No
fim, tudo se deve à comida insossa. Quando os mongóis e os turcos
interromperam o suprimento por terra dos condimentos do Oriente, a
era dos descobrimentos começou. A Europa descobriu que não podia
viver sem tempero e lançou-se ao mar e à conquista de rotas
alternativas para o cominho e, por acidente, outros mundos.
A
América é um produto do paladar europeu. Toda a grande aventura
imperial foi aromática, tangida pela pimenta e o gengibre, a hortelã
e a noz-moscada. Homens rudes lançavam-se contra o desconhecido e a
morte pelo rosmaninho. Navios inteiros eram tragados pelo mar e
deixavam, na superfície, irônicas sopas de ervas. Até a poluição
era inocente: se se rompesse um porão de navio, as praias se cobriam
de grãos de mostarda, as gaivotas se intoxicavam com favos de
baunilha. Desastre ecológico era quando os peixes engoliam alho,
cebola e alcaparras e já vinham à tona prontos para a panela.
Outras
fomes eram servidas, claro. A de ouro, a de prata, a de espaço. E a
de sexo, pois as mulheres européias também eram sem sal.

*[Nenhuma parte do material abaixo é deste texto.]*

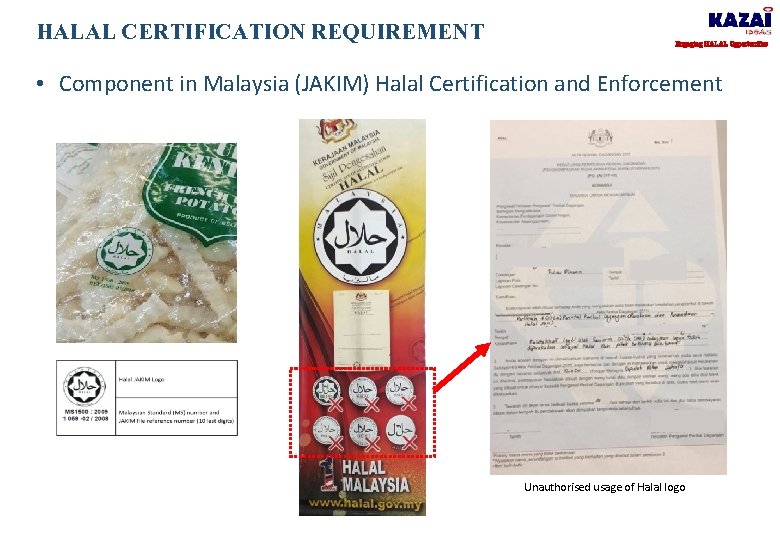 HALAL CERTIFICATION REQUIREMENT Engaging HALAL Opportunities • Component in Malaysia (JAKIM) Halal Certification and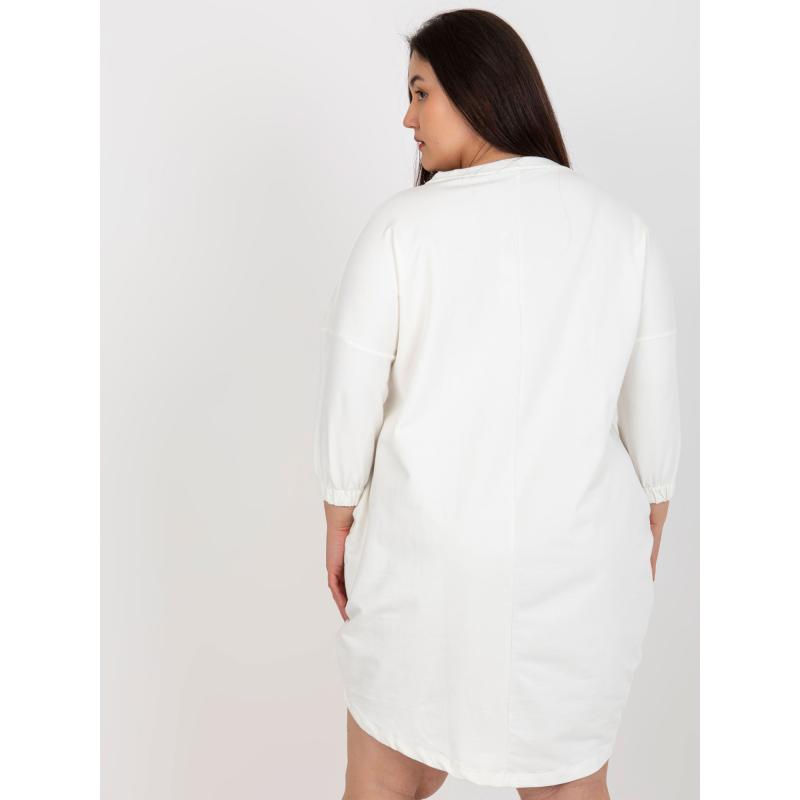 Dámské šaty s ozdobnými knoflíky plus size LIPA ecru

Descobriu-se que o comércio de escravos era mais rentável do que o
comércio de especiarias e não houve nenhum escrúpulo, ou
reticência poética, em fazer a adaptação. Mas os novos mundos
continuaram a ser governados pelo paladar da Europa. Não dá para
calcular quanta gente morreu nos navios negreiros ou no trabalho
escravo para que a classe operária inglesa tivesse açúcar no seu
chá todos os dias, por exemplo. E é por falta de condimentos
parecidos onde eles vivem que turistas europeus continuam
desembarcando no Nordeste do Brasil para comer adolescentes.
A
especiaria de hoje é a droga e não deixa de ser apropriado que
cocaína pareça açúcar. O apetite servido é pelo delírio, não
mais pela noz-moscada, e a carga viaja escondida. Quem transporta
drogas é chamado de “mula” e há no apelido uma vaga evocação
das caravanas do Oriente que enfrentavam bárbaros e ursos — em vez
de fiscais na alfândega — só para dar uma sensação à Europa.